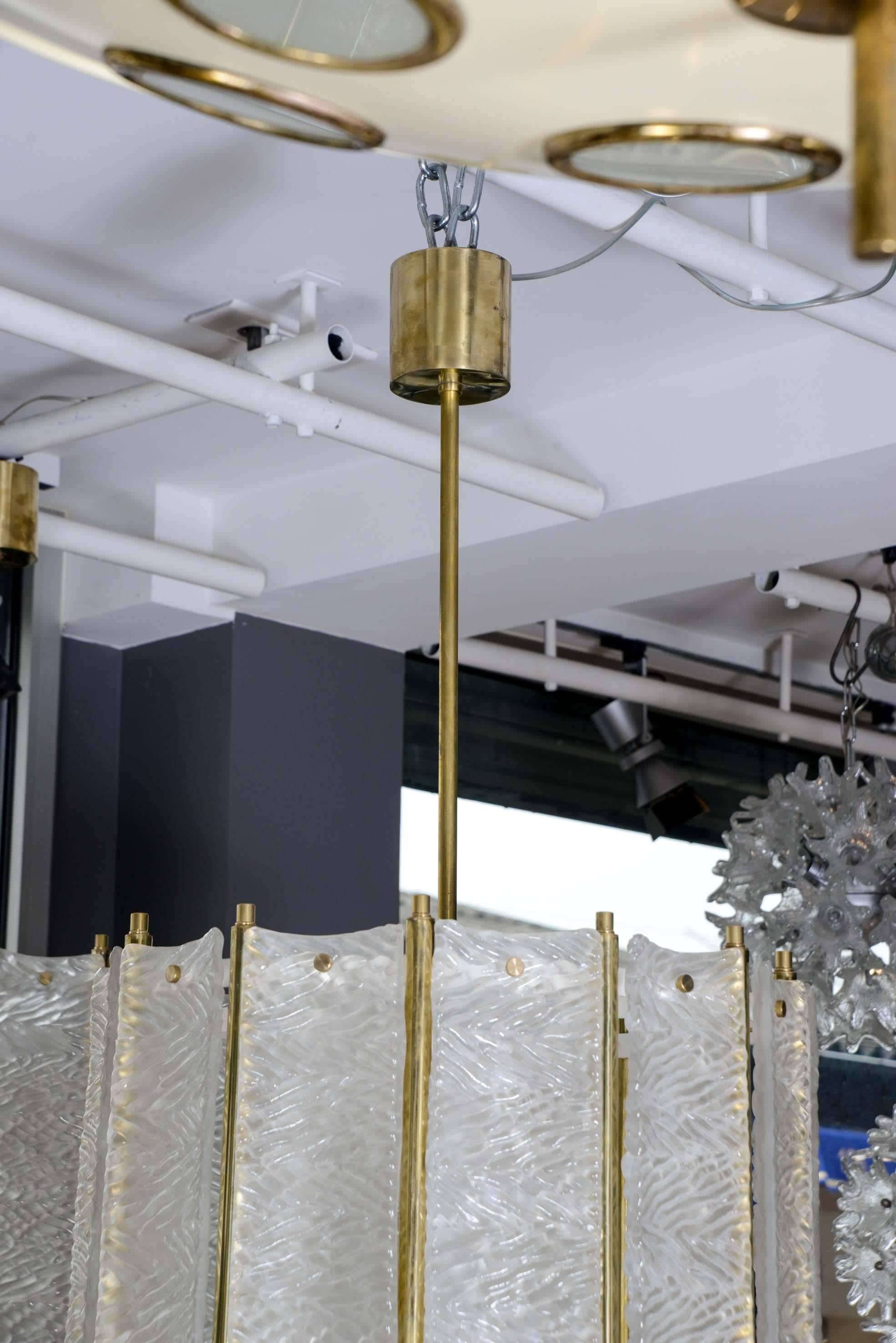 Pair of lanterns made of brass structures and side panels made of textured and opaque Murano glass.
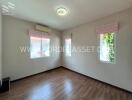 Well-lit room with wooden flooring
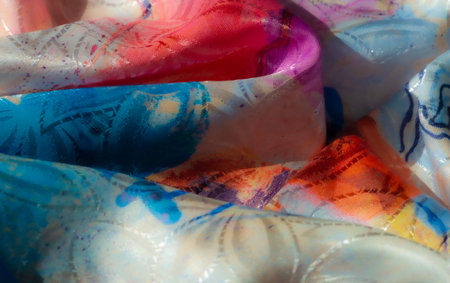 Colorful flowing fabric with swirling patterns of blue, red, and yellow, evoking movement and...
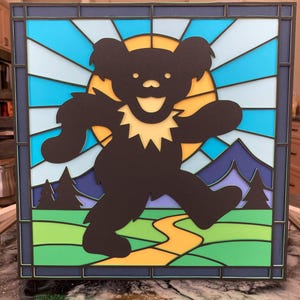 Puede incluir: Obra de arte enmarcada con la silueta de un oso negro sonriente, sobre un fondo de sol amarillo, cielo azul y paisaje verde. El diseño recuerda a una vidriera, con un borde azul oscuro.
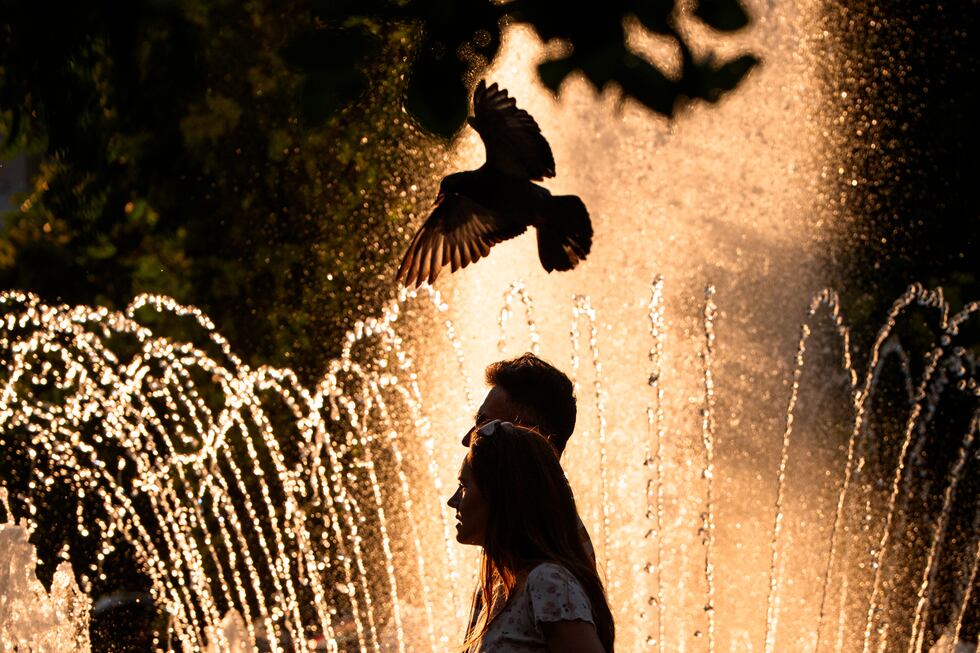 A couple walks by a public fountain on a torrid day, as the National Weather forecaster issued...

**Aim of the exercise**
All entries should be reproduced exactly; no picture belongs in the result.

**Answer box**
 Pair of lanterns made of brass structures and side panels made of textured and opaque Murano glass.
 Well-lit room with wooden flooring
 Colorful flowing fabric with swirling patterns of blue, red, and yellow, evoking movement and...
 Puede incluir: Obra de arte enmarcada con la silueta de un oso negro sonriente, sobre un fondo de sol amarillo, cielo azul y paisaje verde. El diseño recuerda a una vidriera, con un borde azul oscuro.
 A couple walks by a public fountain on a torrid day, as the National Weather forecaster issued...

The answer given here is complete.